*Task instructions*.
Begin your copy at the line that holds "Модный педикюр 2024: тенденции" and carry it through the final line of the data, writing out each line exactly and omitting pictures.

[[ Data provided open ]]

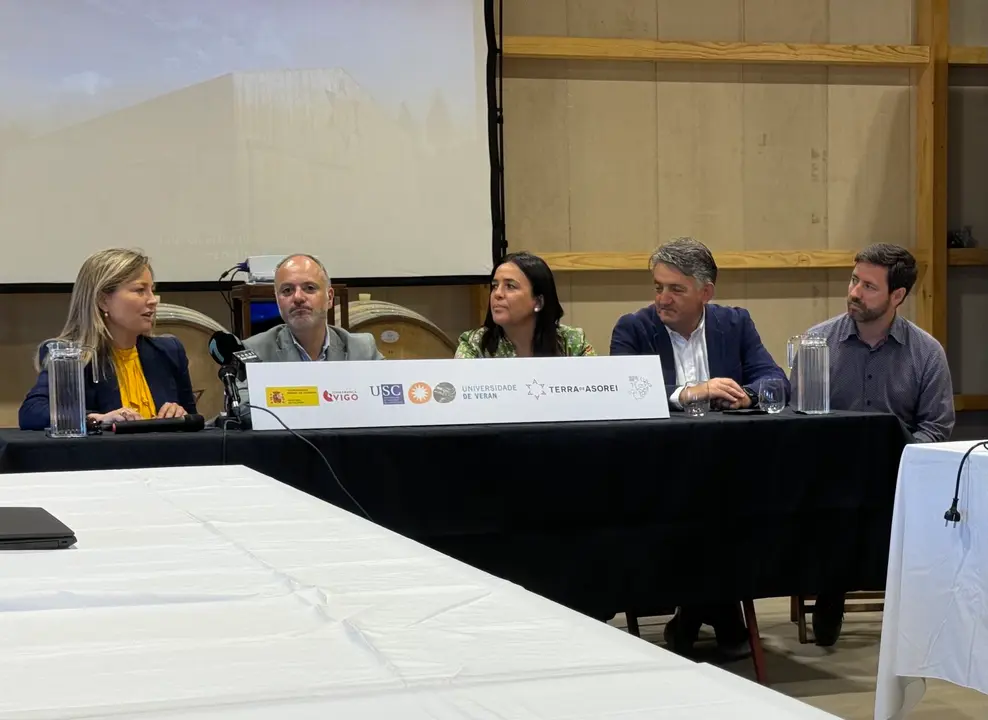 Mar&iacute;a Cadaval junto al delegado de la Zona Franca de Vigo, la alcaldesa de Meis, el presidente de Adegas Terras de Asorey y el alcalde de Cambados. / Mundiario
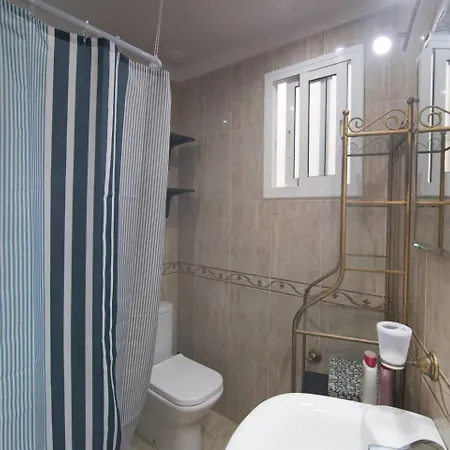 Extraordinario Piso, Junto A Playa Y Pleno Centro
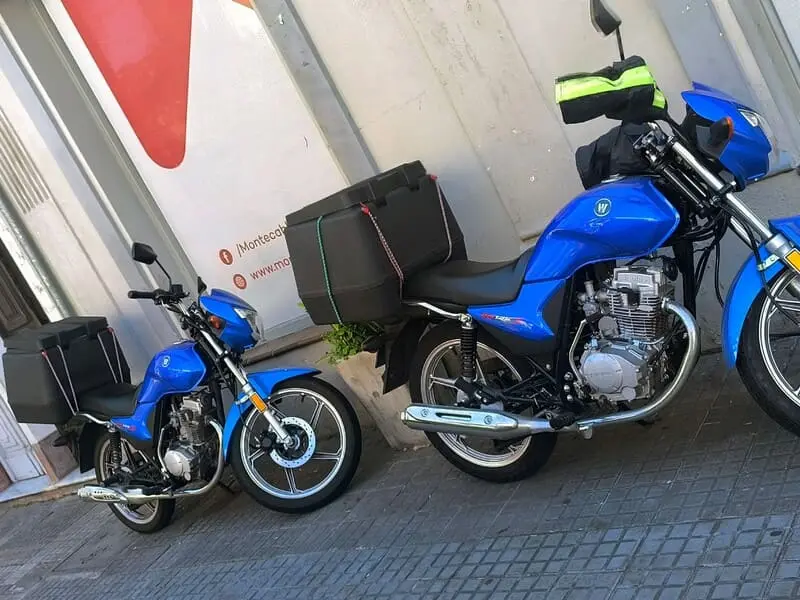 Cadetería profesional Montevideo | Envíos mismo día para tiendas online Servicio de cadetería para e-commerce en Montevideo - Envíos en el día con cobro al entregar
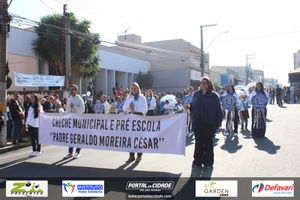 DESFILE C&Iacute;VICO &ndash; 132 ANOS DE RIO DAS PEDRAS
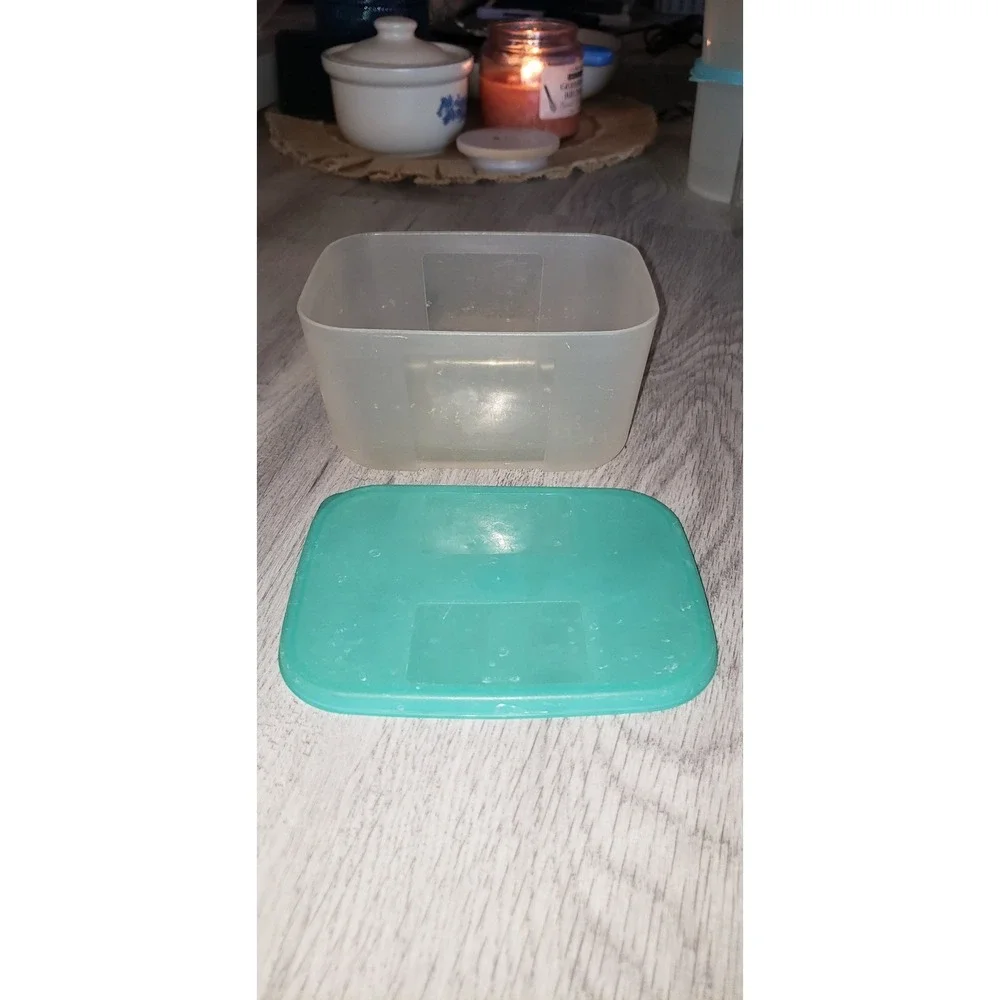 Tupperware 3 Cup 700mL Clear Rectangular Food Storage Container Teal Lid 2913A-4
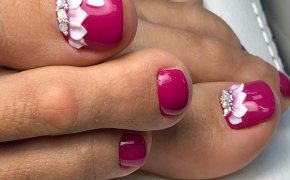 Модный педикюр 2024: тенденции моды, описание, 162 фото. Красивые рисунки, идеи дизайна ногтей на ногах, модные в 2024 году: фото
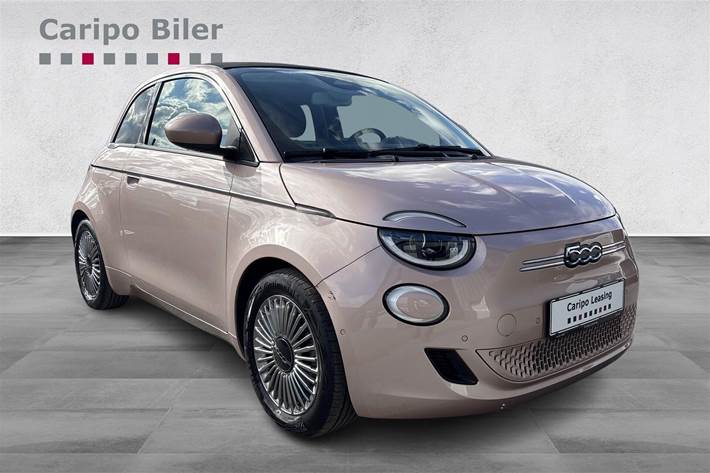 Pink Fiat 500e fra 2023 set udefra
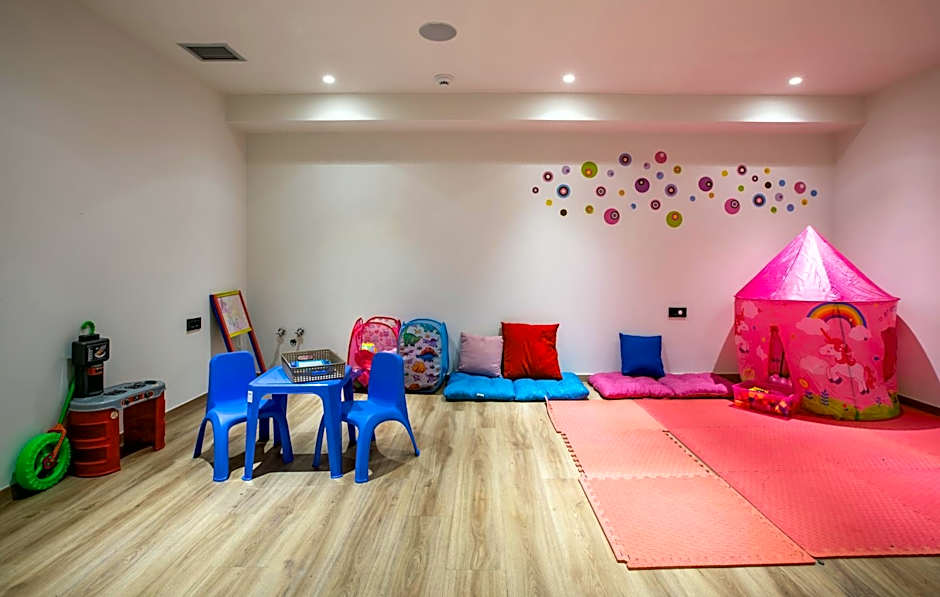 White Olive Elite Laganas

[[ Data provided closed ]]

*Task solution*.
 Модный педикюр 2024: тенденции моды, описание, 162 фото. Красивые рисунки, идеи дизайна ногтей на ногах, модные в 2024 году: фото
 Pink Fiat 500e fra 2023 set udefra
 White Olive Elite Laganas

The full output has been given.